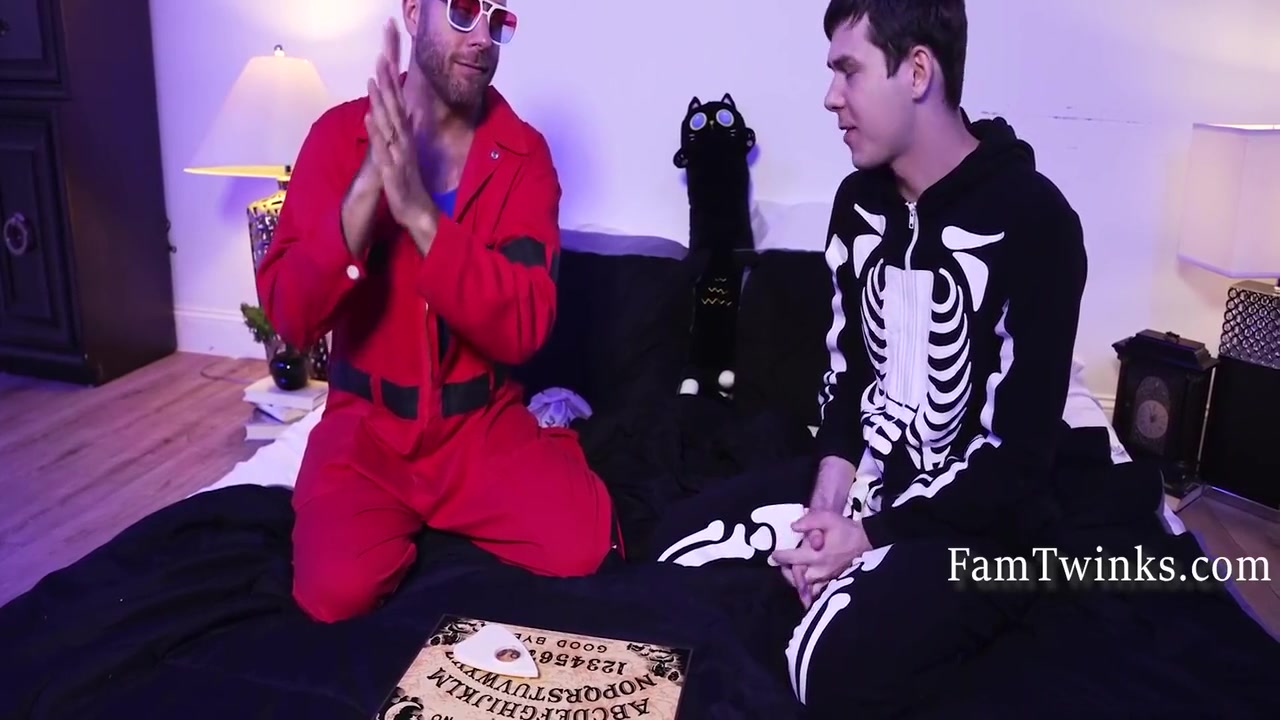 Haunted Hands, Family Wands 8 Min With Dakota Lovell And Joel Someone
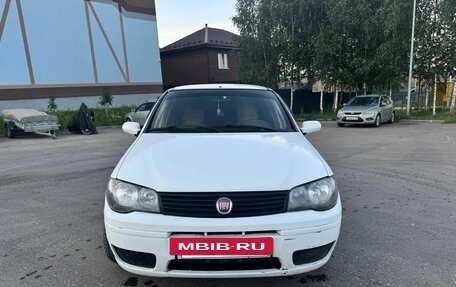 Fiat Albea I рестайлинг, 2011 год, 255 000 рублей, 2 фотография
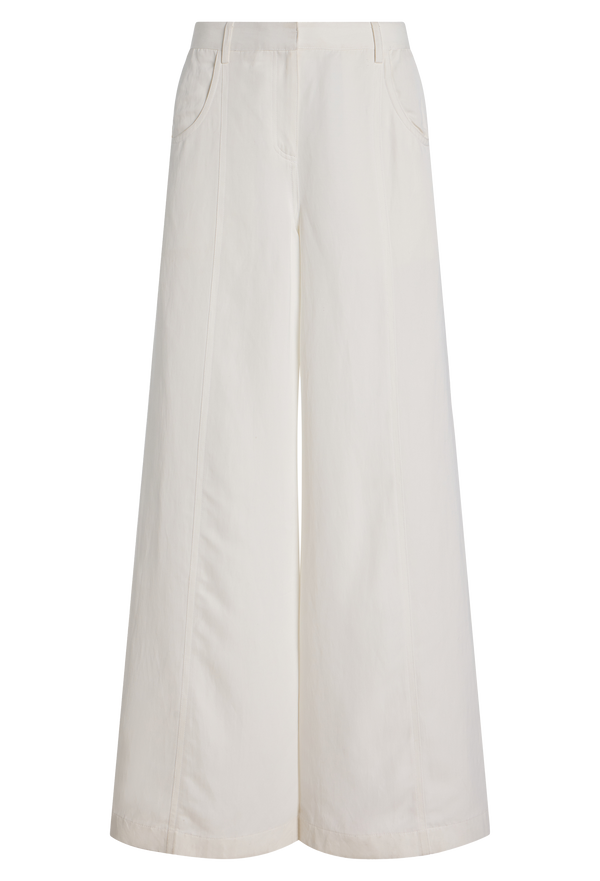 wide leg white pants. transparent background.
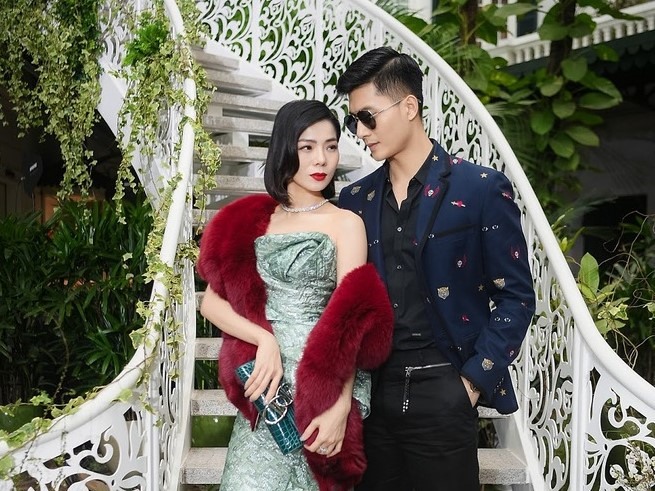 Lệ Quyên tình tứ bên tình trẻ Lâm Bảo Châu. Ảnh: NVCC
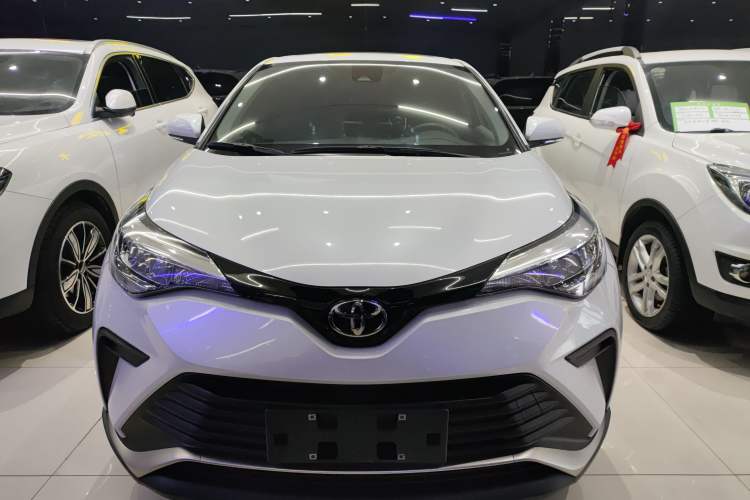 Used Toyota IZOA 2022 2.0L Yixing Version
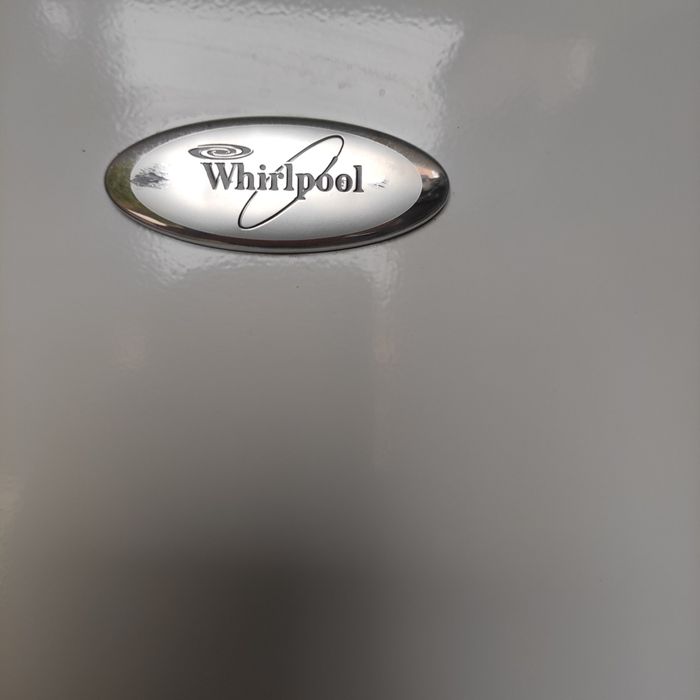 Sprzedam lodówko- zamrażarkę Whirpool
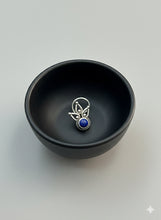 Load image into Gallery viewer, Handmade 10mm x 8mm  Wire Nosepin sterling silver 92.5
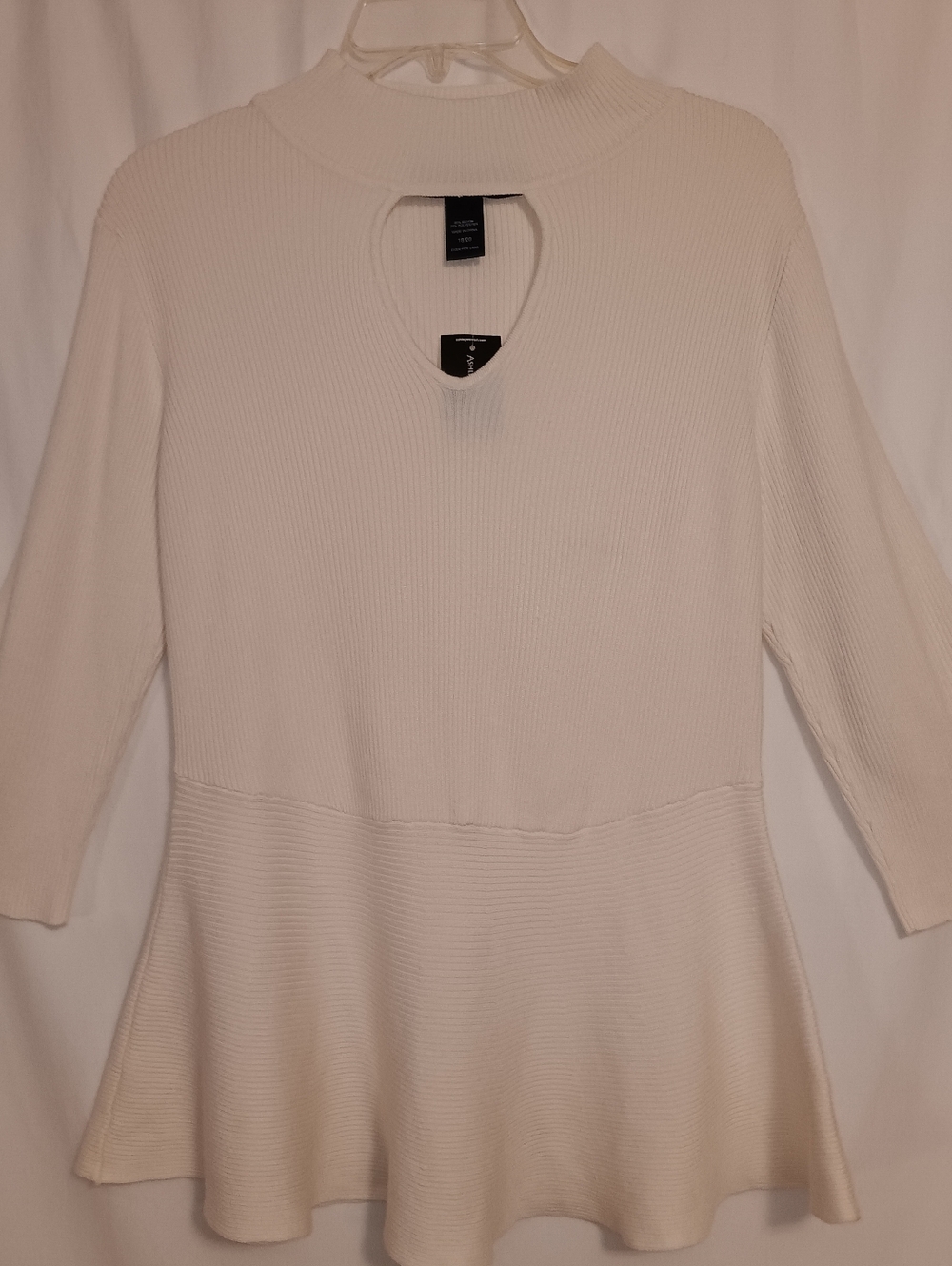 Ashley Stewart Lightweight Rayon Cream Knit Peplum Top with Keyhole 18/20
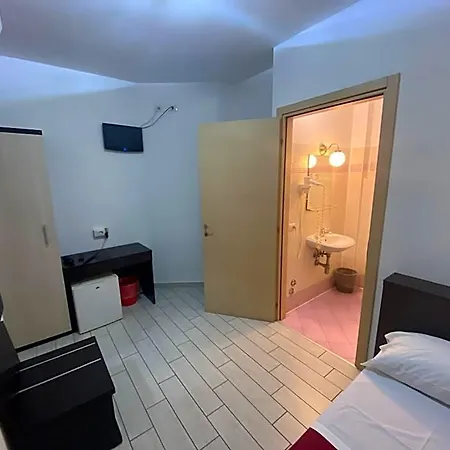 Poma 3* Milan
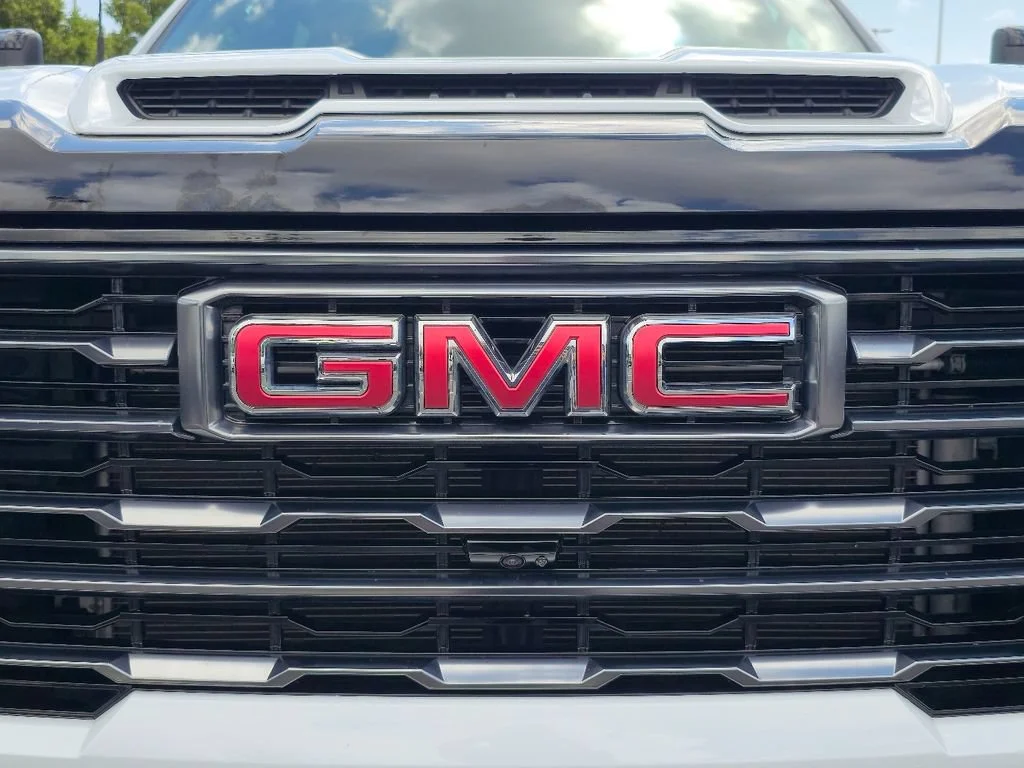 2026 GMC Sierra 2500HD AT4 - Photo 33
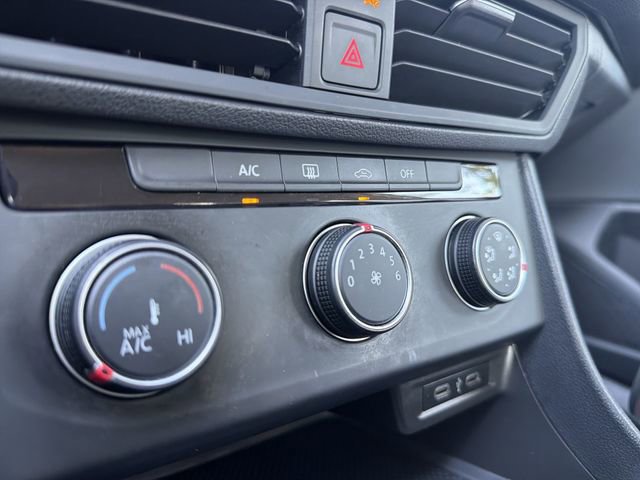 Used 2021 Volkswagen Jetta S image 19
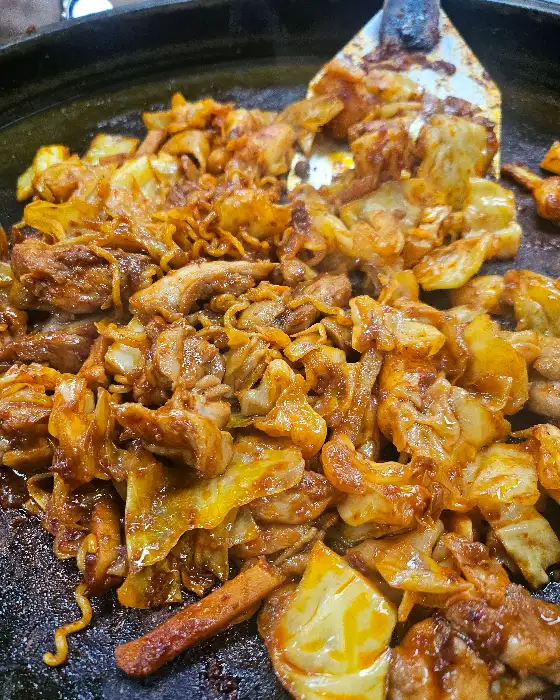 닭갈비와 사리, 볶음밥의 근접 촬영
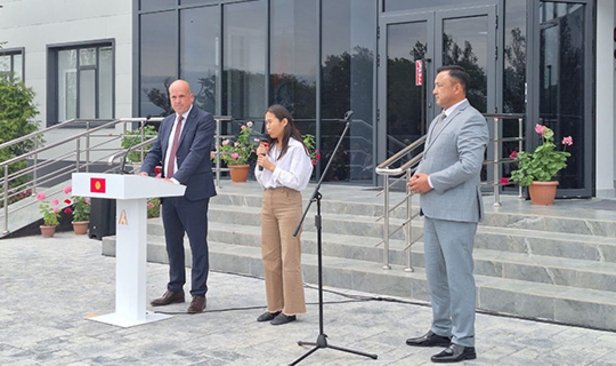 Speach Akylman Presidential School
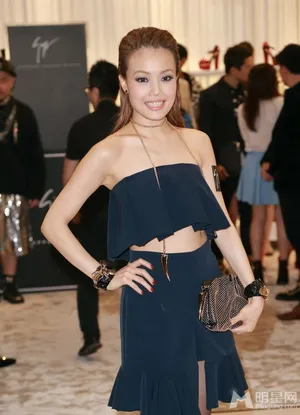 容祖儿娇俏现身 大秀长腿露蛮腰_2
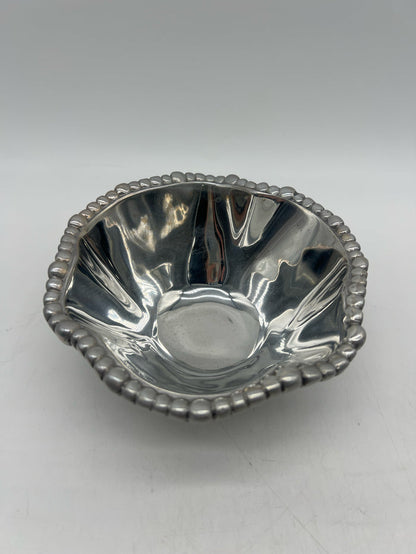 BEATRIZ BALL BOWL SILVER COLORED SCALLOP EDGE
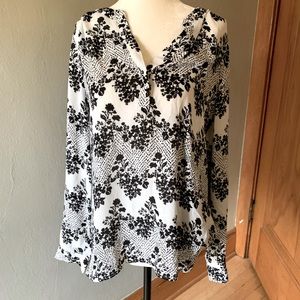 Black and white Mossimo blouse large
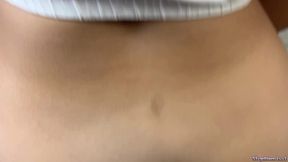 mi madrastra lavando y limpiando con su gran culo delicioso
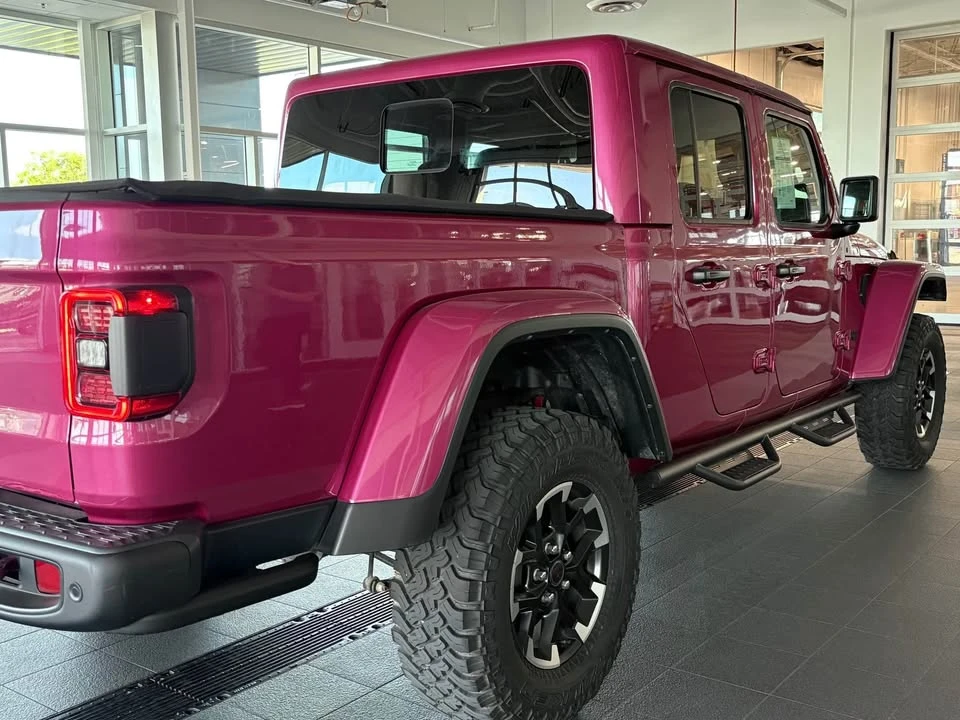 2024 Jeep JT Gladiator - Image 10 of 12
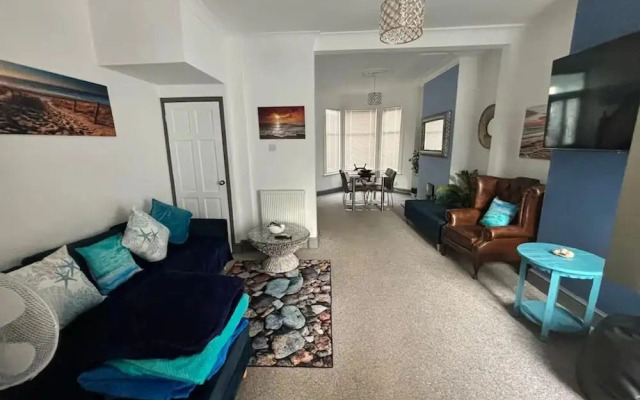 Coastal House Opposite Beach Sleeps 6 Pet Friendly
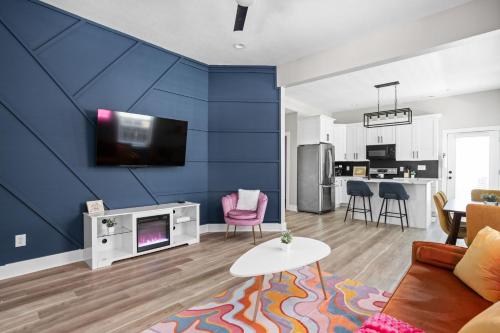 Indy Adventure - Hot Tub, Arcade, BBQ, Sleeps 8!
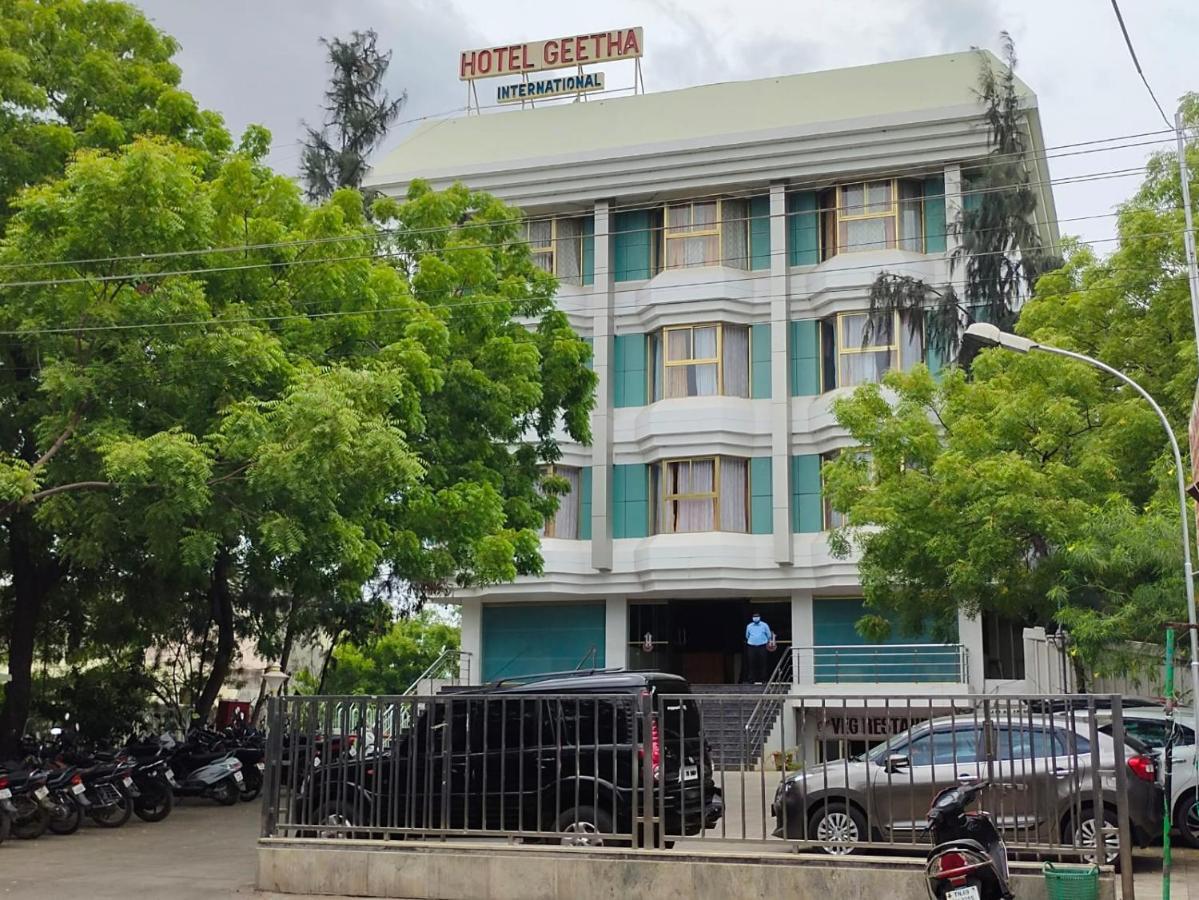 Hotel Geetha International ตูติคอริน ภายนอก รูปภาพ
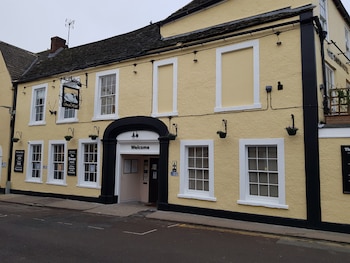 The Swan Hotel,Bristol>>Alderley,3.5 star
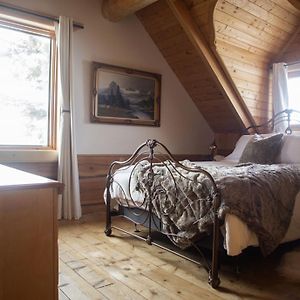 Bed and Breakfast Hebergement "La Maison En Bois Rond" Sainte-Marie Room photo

________________________

In the records above, find the line with "Lệ Quyên tình". Print exactly from there through the line with "Indy Adventure - Hot", minus the pictures.

 Lệ Quyên tình tứ bên tình trẻ Lâm Bảo Châu. Ảnh: NVCC
 Used Toyota IZOA 2022 2.0L Yixing Version
 Sprzedam lodówko- zamrażarkę Whirpool
 Load image into Gallery viewer, Handmade 10mm x 8mm  Wire Nosepin sterling silver 92.5
 Ashley Stewart Lightweight Rayon Cream Knit Peplum Top with Keyhole 18/20
 Poma 3* Milan
 2026 GMC Sierra 2500HD AT4 - Photo 33
 Used 2021 Volkswagen Jetta S image 19
 닭갈비와 사리, 볶음밥의 근접 촬영
 Speach Akylman Presidential School
 容祖儿娇俏现身 大秀长腿露蛮腰_2
 BEATRIZ BALL BOWL SILVER COLORED SCALLOP EDGE
 Black and white Mossimo blouse large
 mi madrastra lavando y limpiando con su gran culo delicioso
 2024 Jeep JT Gladiator - Image 10 of 12
 Coastal House Opposite Beach Sleeps 6 Pet Friendly
 Indy Adventure - Hot Tub, Arcade, BBQ, Sleeps 8!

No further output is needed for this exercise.